**WHAT THE EXERCISE ASKS**
A faithful copy of each entry below is expected, with the images removed.

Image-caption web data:

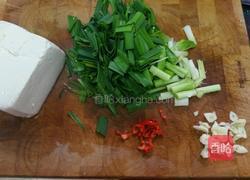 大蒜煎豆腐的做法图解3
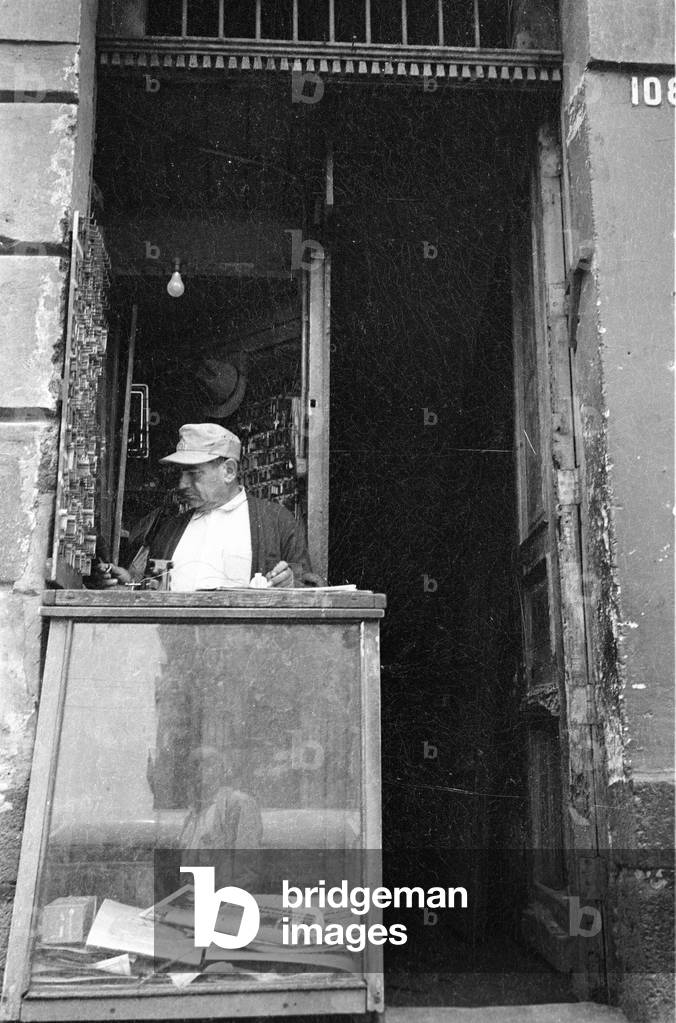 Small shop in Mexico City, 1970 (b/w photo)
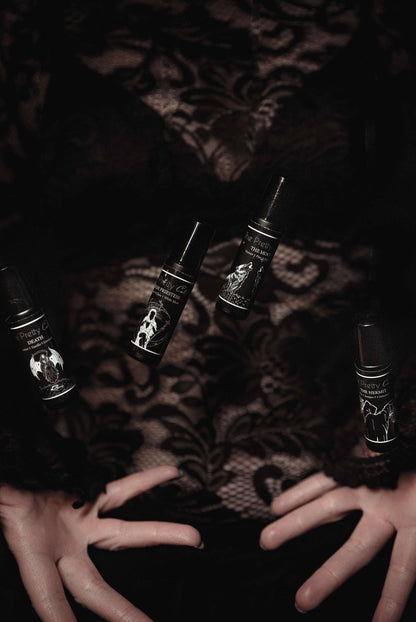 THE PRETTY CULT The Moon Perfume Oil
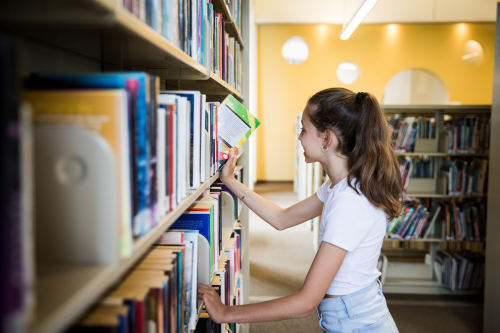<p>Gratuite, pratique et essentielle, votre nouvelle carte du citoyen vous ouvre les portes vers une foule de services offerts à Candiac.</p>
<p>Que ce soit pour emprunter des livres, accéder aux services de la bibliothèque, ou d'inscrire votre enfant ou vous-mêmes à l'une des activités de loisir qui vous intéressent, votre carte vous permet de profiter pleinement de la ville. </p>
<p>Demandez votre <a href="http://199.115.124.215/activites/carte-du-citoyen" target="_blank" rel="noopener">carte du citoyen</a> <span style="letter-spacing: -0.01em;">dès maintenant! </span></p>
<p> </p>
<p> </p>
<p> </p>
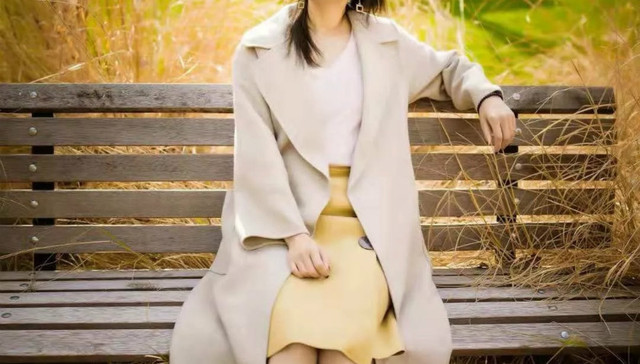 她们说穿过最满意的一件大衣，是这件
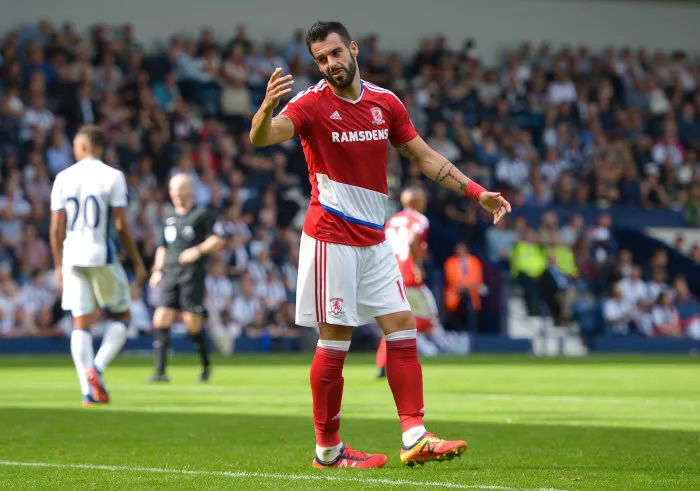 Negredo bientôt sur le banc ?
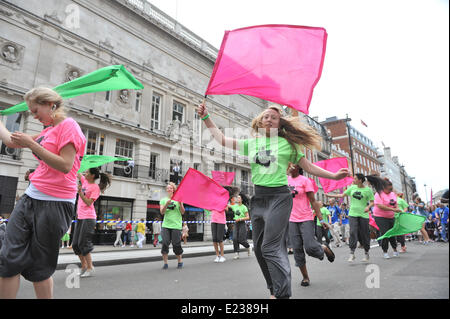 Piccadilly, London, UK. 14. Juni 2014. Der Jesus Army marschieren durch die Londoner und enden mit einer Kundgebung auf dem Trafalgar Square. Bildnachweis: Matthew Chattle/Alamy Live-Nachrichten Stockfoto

**YOUR SOLUTION**
 大蒜煎豆腐的做法图解3
 Small shop in Mexico City, 1970 (b/w photo)
 THE PRETTY CULT The Moon Perfume Oil
<p>Gratuite, pratique et essentielle, votre nouvelle carte du citoyen vous ouvre les portes vers une foule de services offerts à Candiac.</p>
<p>Que ce soit pour emprunter des livres, accéder aux services de la bibliothèque, ou d'inscrire votre enfant ou vous-mêmes à l'une des activités de loisir qui vous intéressent, votre carte vous permet de profiter pleinement de la ville. </p>
<p>Demandez votre <a href="http://199.115.124.215/activites/carte-du-citoyen" target="_blank" rel="noopener">carte du citoyen</a> <span style="letter-spacing: -0.01em;">dès maintenant! </span></p>
<p> </p>
<p> </p>
<p> </p>
 她们说穿过最满意的一件大衣，是这件
 Negredo bientôt sur le banc ?
 Piccadilly, London, UK. 14. Juni 2014. Der Jesus Army marschieren durch die Londoner und enden mit einer Kundgebung auf dem Trafalgar Square. Bildnachweis: Matthew Chattle/Alamy Live-Nachrichten Stockfoto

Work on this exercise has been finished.